刑事犬養隼人シリーズ1作目となる脳死判定による臓器移植をテーマにした長編小説。

  • 切り裂きジャックの告白(2013年4月 角川書店)
  • 切り裂きジャックの告白 刑事犬養隼人(2014年12月 角川文庫)

 

東京で臓器がまるごと抜き取られた女性の遺体が見つかった。首を絞めて殺害したあとに開腹したものと思われた。被害者の名前は六郷由美香、都内信用金庫に勤める21歳だった。同居している両親には被害者が狙われる心当たりはないという。
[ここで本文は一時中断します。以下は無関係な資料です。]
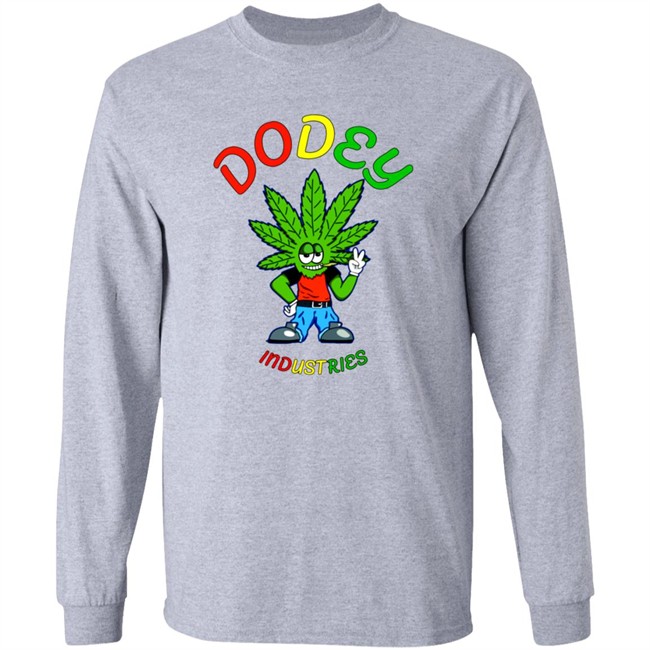 Dodey industries merch Tee shirt Dodey industries merch Tee shirt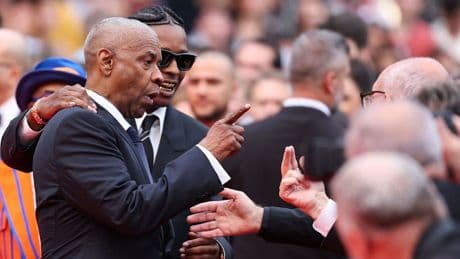 Denzel Washington - Hollywood-Star verliert die Fassung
被害者の体にはある特徴が残されていた。腹部切開に用いられた道具が非常に鋭利な刃物であり、おそらくそれは手術用のメスだろうということと、Y字切開法という素人には見られない方法で開腹を行っていること。

犯人は解剖の知識を備えた人物だろうと推察された。

登場人物

  • 六郷由美香:信用金庫勤務
  • 半崎桐子:電器店勤務
  • 具志堅悟:臓器移植を受けて回復後、競馬場へ入り浸る姿をマスコミすっぱ抜かれて叩かれる
  • 三田村敬介:音楽家志望。公園でトランペットの練習をしている
  • 高野千春:帝都大附属病院の移植コーディネーター
  • 真境名孝彦:帝都大学付属病院医師。臓器移植推進派。まじめ。
  • 真境名陽子:孝彦の妻で麻酔医
  • 榊原博人:帝都大学付属病院医師。臓器移植には消極的な姿勢。
  • 鬼子母志郎:脳死判定を受けドナーカードを持っていたためドナーとなり臓器を提供した。
  • 鬼子母涼子:志郎の母。パート勤務。まだ志郎が生きているかのように振る舞っている。
  • 犬養隼人:警視庁の刑事
  • 古手川和也:埼玉県警の刑事
  • 鶴崎管理官:切り裂きジャック事件の指揮をとる。あまり有能ではない

2番目の事件

帝都テレビ報道部に奇妙な手紙が送られてきていた。業務用のそっけない封筒だが裏の差出人名のところには「彼女の臓器は軽かった」という一文があった。ジャックを名乗る人物からの、六郷由美香事件に関する犯行声明ともいえる文書だった。警察に通報する前に公開された犯行声明は、お茶の前の視線を釘付けにした。1888年にロンドンで起きた切り裂きジャック事件を彷彿させるような報道に世間が湧いた。

犬養が帝都テレビから提供を受けて持ち帰った犯行声明からは、犯人の手がかりとなるものは何も見つからなかった。

埼玉県で、体が切り開かれ臓器が全て取り去られた女性の遺体が見つかった。被害者の名前は半崎桐子。遺体の状態は六郷由美香の時と類似点が多かった。埼玉県の現場にかけつけ検視に立ち会った犬養は、そこで古手川と出会う。合同捜査が決定したらコンビを組むことになる2人は、さっそく被害者2人の接点を調べることにした。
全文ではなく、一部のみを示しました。